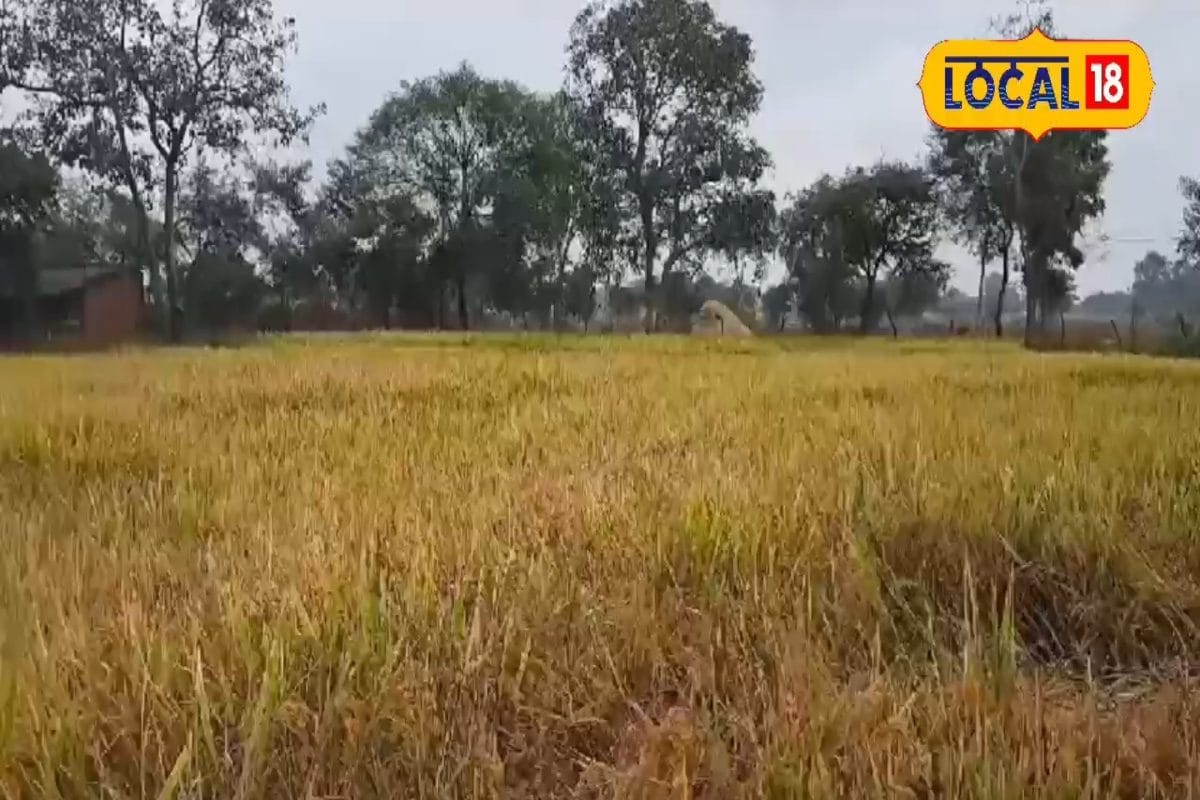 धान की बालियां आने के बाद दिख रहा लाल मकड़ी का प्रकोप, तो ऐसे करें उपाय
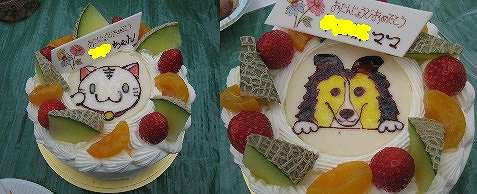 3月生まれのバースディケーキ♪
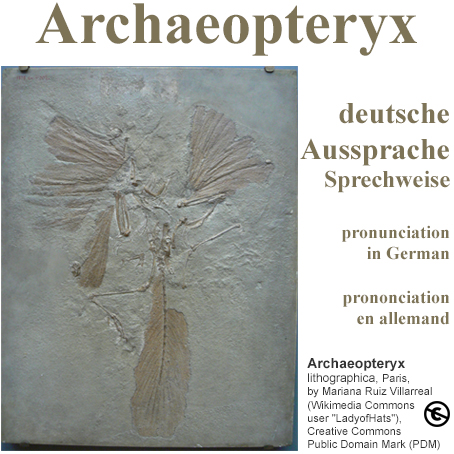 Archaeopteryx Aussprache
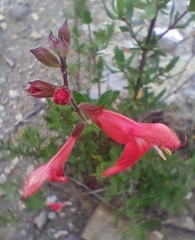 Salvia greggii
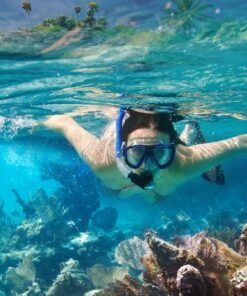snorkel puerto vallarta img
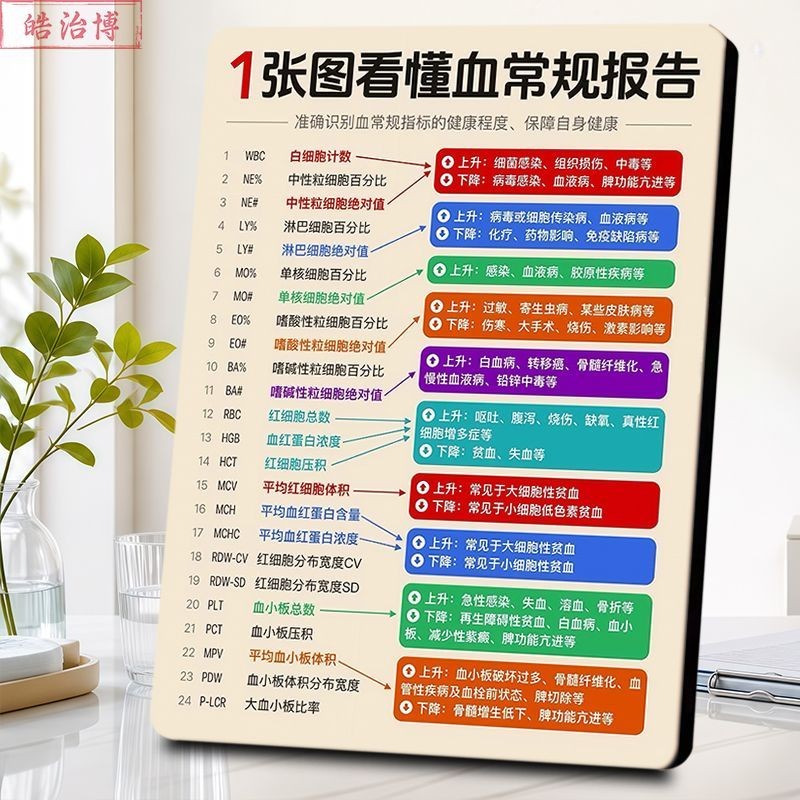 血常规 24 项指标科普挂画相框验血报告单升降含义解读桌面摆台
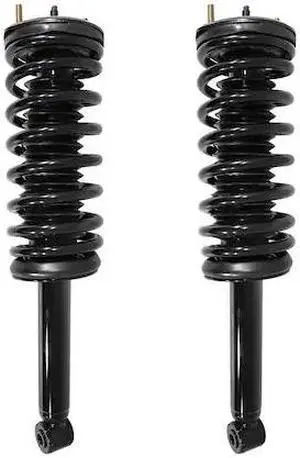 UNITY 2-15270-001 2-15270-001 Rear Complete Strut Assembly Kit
◇ ◇ ◇
An exact repetition of the listing is needed, with the pictures dropped.

 धान की बालियां आने के बाद दिख रहा लाल मकड़ी का प्रकोप, तो ऐसे करें उपाय
 3月生まれのバースディケーキ♪
 Archaeopteryx Aussprache
 Salvia greggii
snorkel puerto vallarta img
 血常规 24 项指标科普挂画相框验血报告单升降含义解读桌面摆台
 UNITY 2-15270-001 2-15270-001 Rear Complete Strut Assembly Kit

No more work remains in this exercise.